> Information supplied

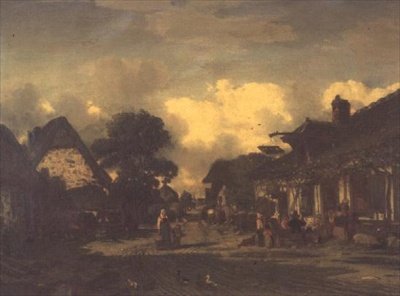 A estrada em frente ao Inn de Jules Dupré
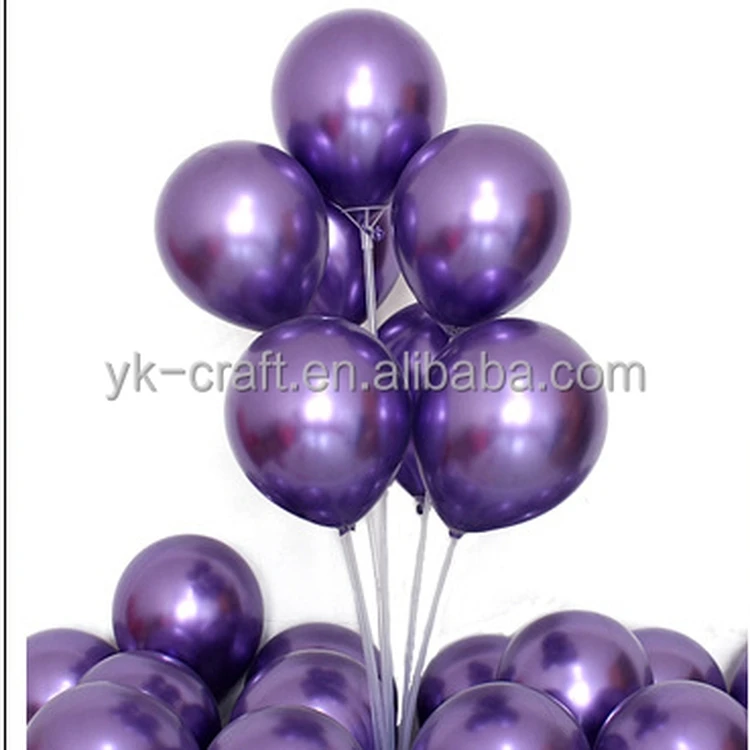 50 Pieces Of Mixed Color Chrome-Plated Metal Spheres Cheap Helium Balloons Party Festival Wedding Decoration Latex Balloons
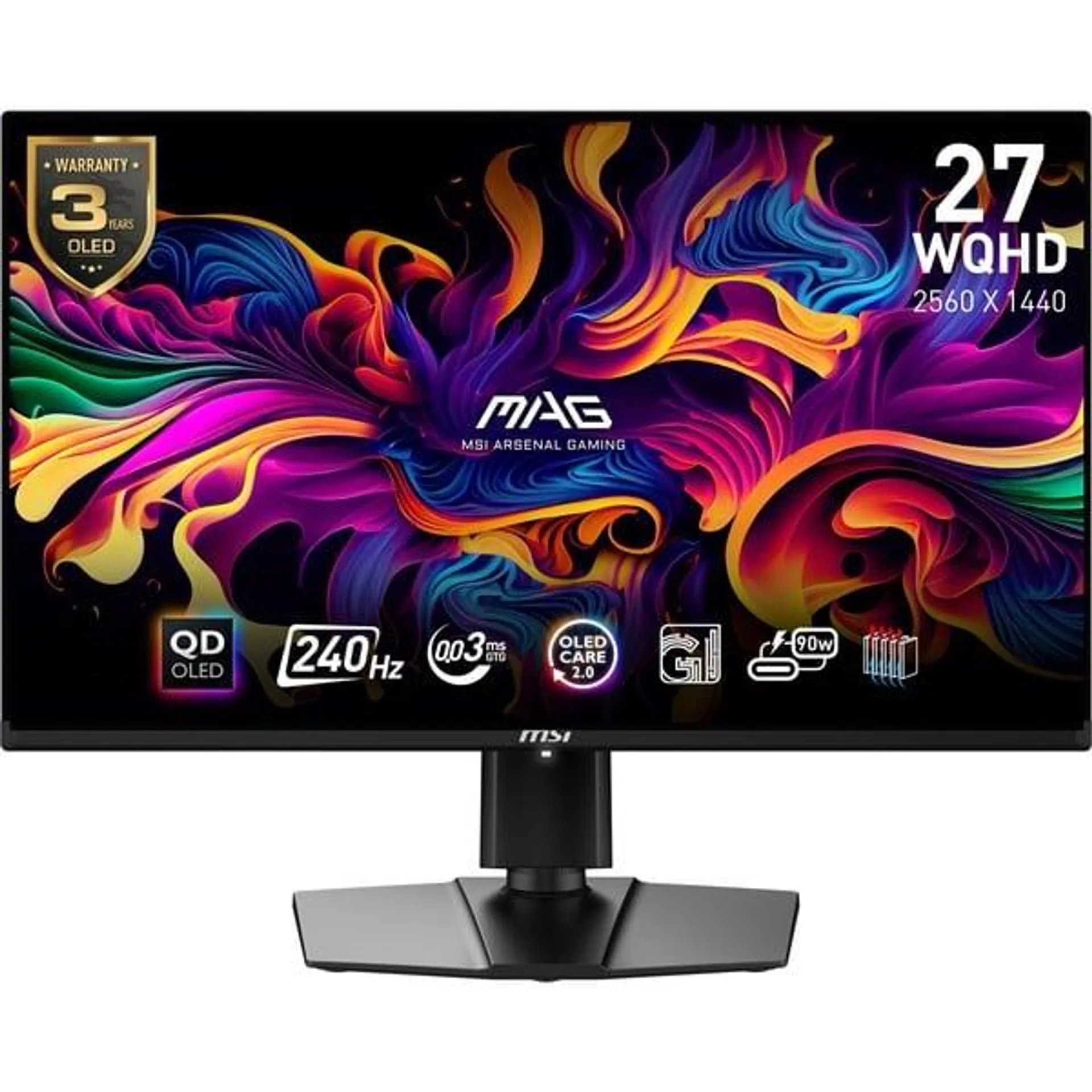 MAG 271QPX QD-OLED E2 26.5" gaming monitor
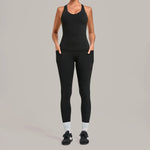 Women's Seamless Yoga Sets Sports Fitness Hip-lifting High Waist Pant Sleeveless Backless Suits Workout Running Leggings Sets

> What you will do
Set down the entire material verbatim, with each picture left out.

> Result below
 A estrada em frente ao Inn de Jules Dupré
 50 Pieces Of Mixed Color Chrome-Plated Metal Spheres Cheap Helium Balloons Party Festival Wedding Decoration Latex Balloons
 MAG 271QPX QD-OLED E2 26.5" gaming monitor
 Women's Seamless Yoga Sets Sports Fitness Hip-lifting High Waist Pant Sleeveless Backless Suits Workout Running Leggings Sets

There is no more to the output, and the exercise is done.